Exercise brief -
From the line containing "Sara Blake aka" to the end of the records, print every line exactly, both ends included, and leave out the pictures.

Data supplied -
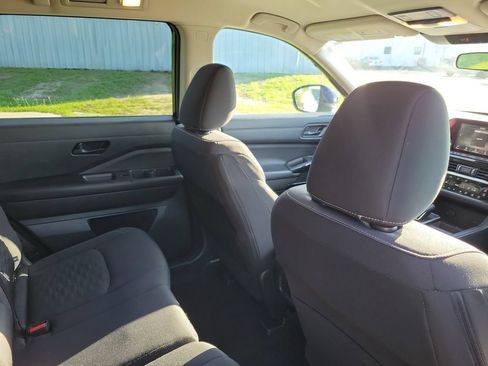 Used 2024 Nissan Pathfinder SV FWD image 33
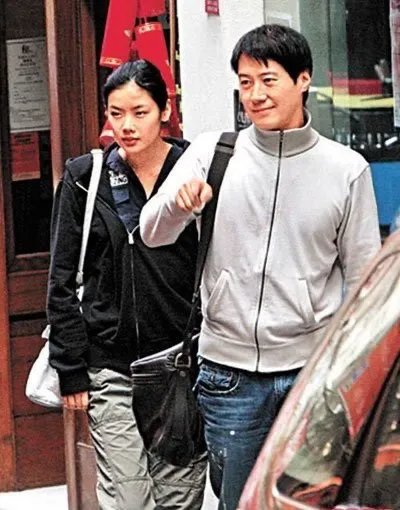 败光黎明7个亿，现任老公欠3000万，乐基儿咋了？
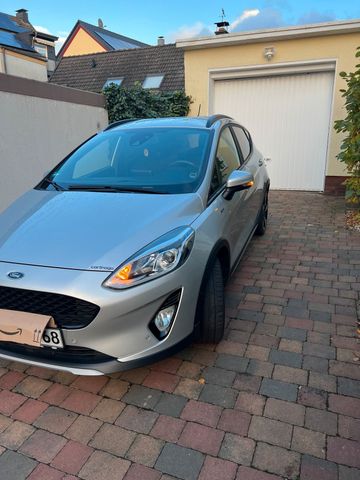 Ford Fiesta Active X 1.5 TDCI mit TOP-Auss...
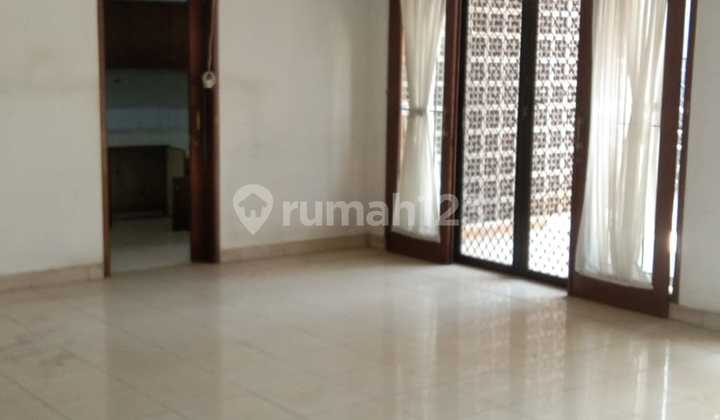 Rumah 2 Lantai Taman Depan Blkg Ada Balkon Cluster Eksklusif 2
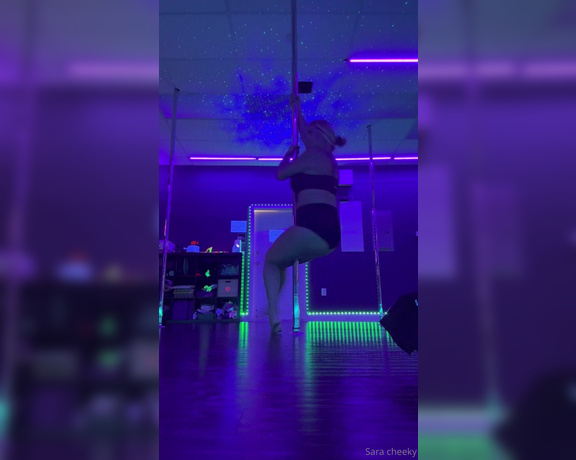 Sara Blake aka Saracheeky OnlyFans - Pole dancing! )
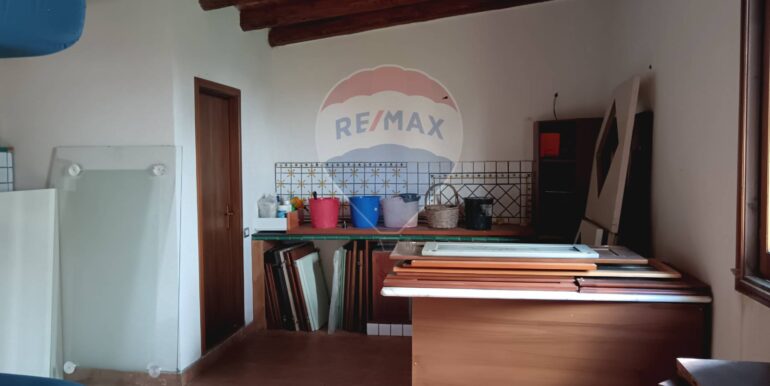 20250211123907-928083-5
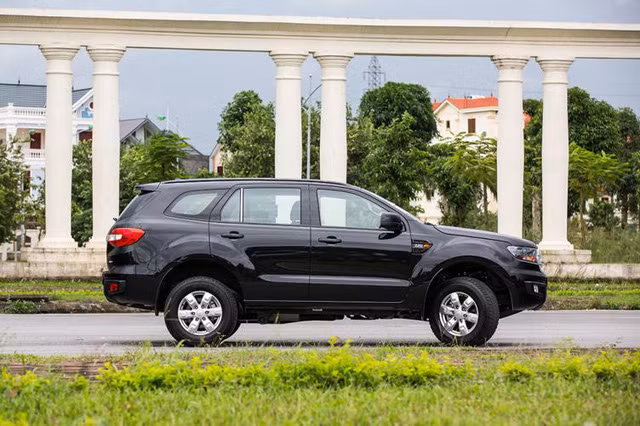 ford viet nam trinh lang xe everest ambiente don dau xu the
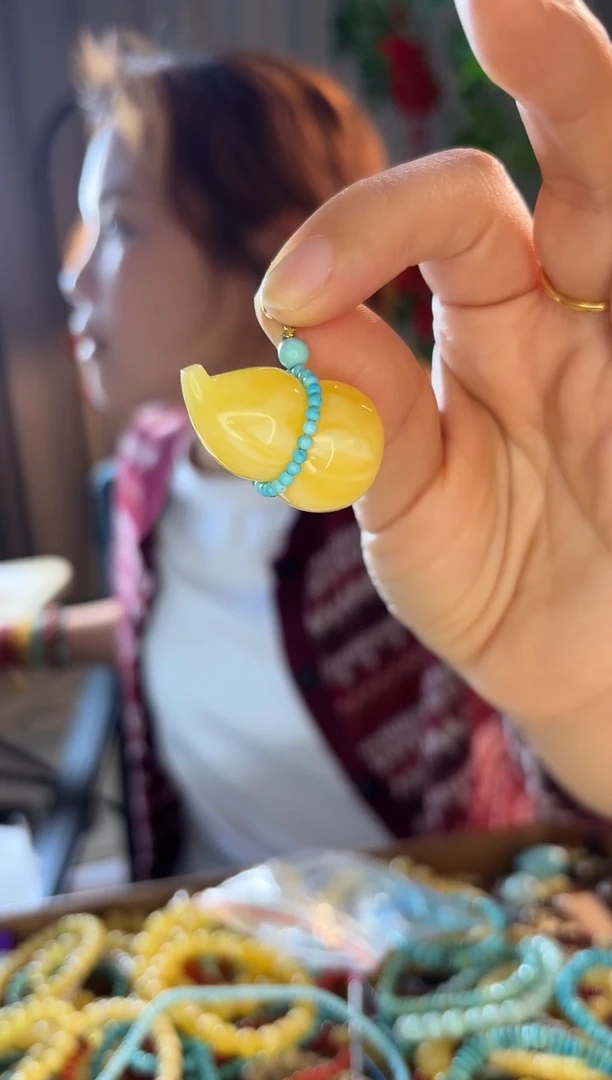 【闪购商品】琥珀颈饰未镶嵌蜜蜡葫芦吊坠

Completed task -
 Sara Blake aka Saracheeky OnlyFans - Pole dancing! )
 20250211123907-928083-5
 ford viet nam trinh lang xe everest ambiente don dau xu the
 【闪购商品】琥珀颈饰未镶嵌蜜蜡葫芦吊坠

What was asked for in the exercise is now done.